## Problem description
Below is a listing; retype exactly the lines between the one containing "Cream White Cupro Cotton Shorts" and the one containing "KALORIFER RADYATORU BRAZING", inclusive, minus the pictures.

## Data

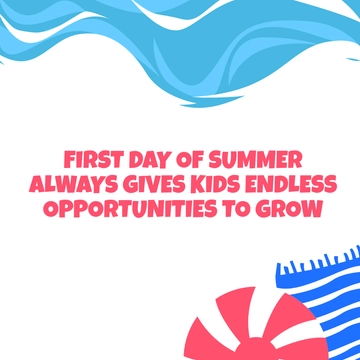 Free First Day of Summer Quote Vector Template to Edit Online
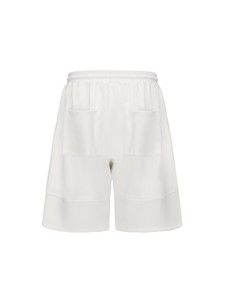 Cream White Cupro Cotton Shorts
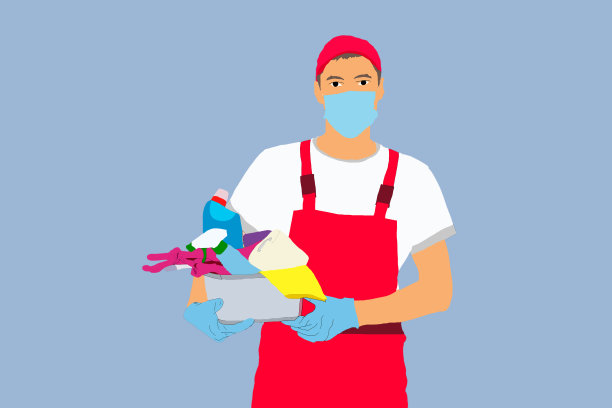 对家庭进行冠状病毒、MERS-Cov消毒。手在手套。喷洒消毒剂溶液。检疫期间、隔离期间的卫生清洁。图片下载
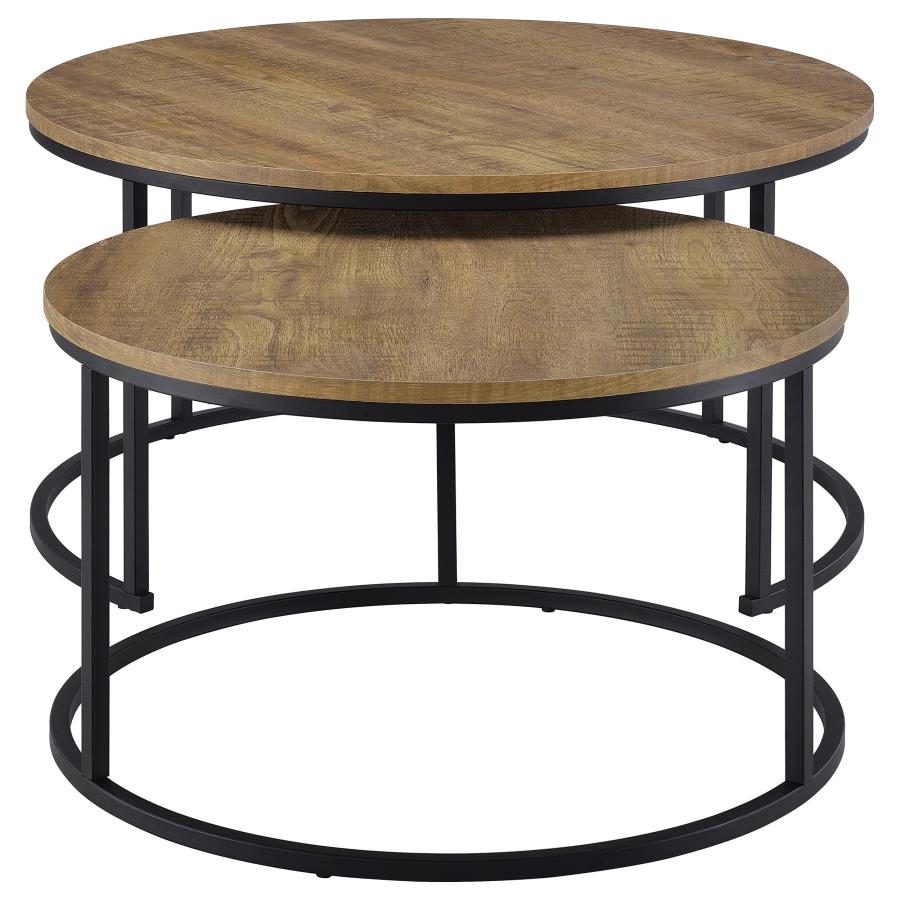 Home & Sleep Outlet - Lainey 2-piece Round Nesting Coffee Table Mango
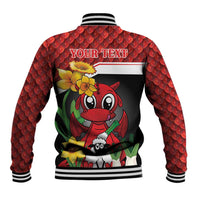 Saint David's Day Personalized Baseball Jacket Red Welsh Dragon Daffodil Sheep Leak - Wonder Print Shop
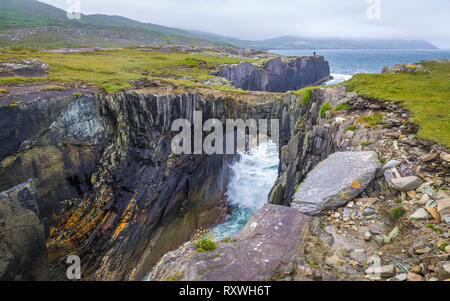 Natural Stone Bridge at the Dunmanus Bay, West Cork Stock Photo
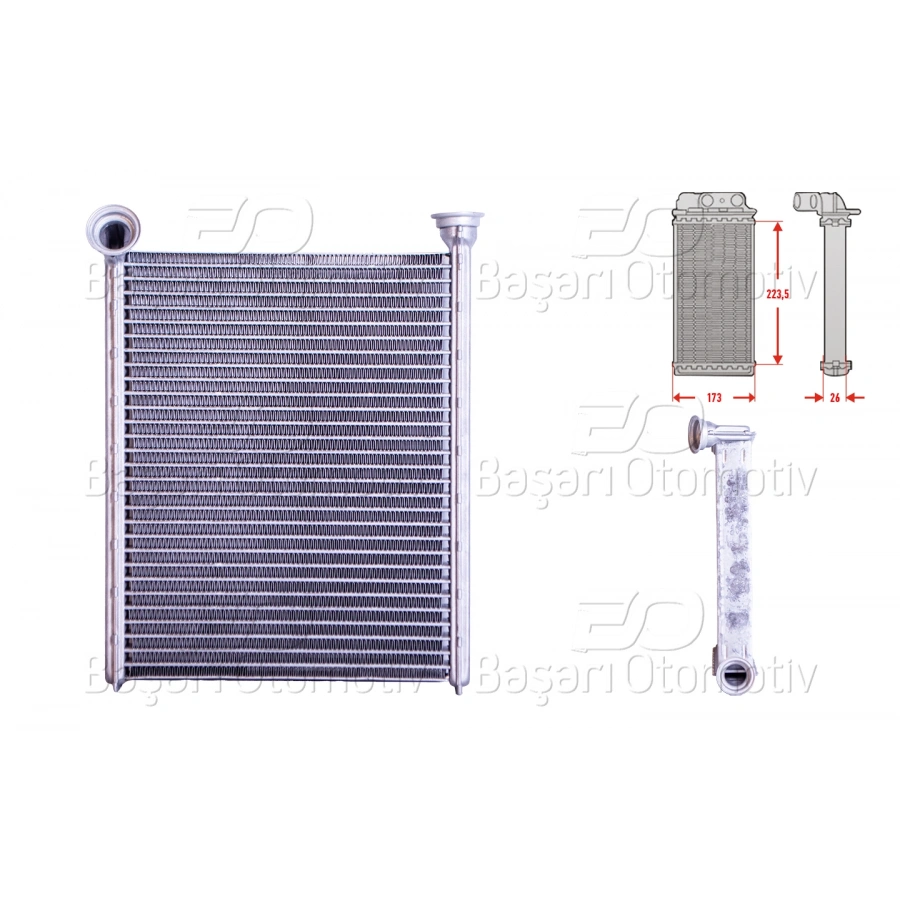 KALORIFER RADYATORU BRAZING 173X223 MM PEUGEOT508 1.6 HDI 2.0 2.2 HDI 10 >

---

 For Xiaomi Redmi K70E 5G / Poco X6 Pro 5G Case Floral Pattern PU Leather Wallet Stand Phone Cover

--

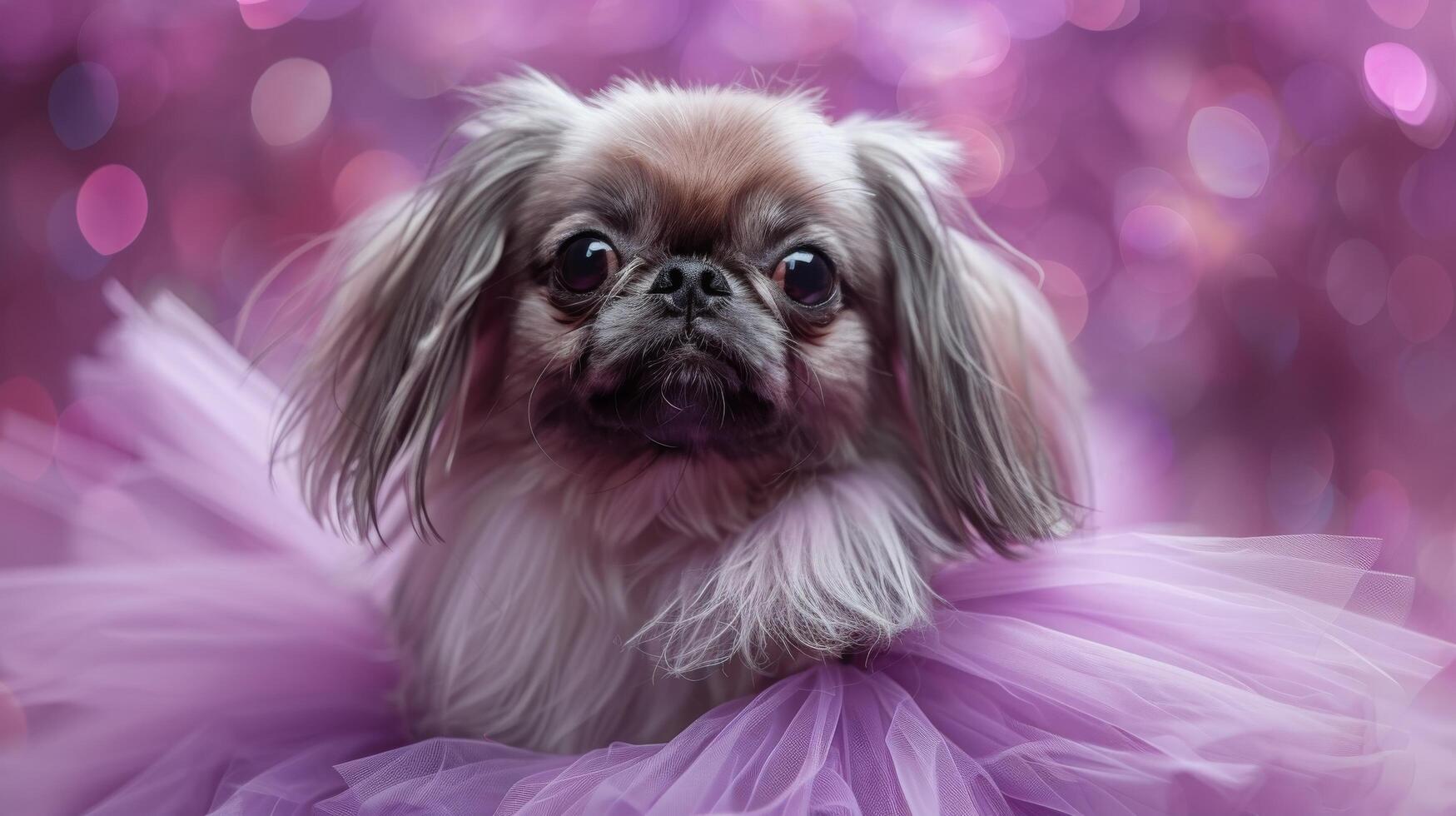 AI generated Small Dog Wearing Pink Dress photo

## Output of the exercise
 Cream White Cupro Cotton Shorts
 对家庭进行冠状病毒、MERS-Cov消毒。手在手套。喷洒消毒剂溶液。检疫期间、隔离期间的卫生清洁。图片下载
 Home & Sleep Outlet - Lainey 2-piece Round Nesting Coffee Table Mango
 Saint David's Day Personalized Baseball Jacket Red Welsh Dragon Daffodil Sheep Leak - Wonder Print Shop
 Natural Stone Bridge at the Dunmanus Bay, West Cork Stock Photo
 KALORIFER RADYATORU BRAZING 173X223 MM PEUGEOT508 1.6 HDI 2.0 2.2 HDI 10 >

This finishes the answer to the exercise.